■ WORK TASK: Reproduce the records precisely. Every line should be included.

[Records excerpted from a collection]

Segment Open

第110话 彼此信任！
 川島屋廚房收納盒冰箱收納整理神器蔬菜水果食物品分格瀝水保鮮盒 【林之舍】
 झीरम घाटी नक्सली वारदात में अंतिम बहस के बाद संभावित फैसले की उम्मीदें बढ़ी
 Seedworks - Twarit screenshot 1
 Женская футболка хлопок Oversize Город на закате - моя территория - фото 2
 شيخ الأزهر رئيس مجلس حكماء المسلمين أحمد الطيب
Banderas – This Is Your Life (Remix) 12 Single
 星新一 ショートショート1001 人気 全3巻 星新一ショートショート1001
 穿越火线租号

Segment Closed

■ RESULT FOR THIS TASK:
第110话 彼此信任！
 川島屋廚房收納盒冰箱收納整理神器蔬菜水果食物品分格瀝水保鮮盒 【林之舍】
 झीरम घाटी नक्सली वारदात में अंतिम बहस के बाद संभावित फैसले की उम्मीदें बढ़ी
 Seedworks - Twarit screenshot 1
 Женская футболка хлопок Oversize Город на закате - моя территория - фото 2
 شيخ الأزهر رئيس مجلس حكماء المسلمين أحمد الطيب
Banderas – This Is Your Life (Remix) 12 Single
 星新一 ショートショート1001 人気 全3巻 星新一ショートショート1001
 穿越火线租号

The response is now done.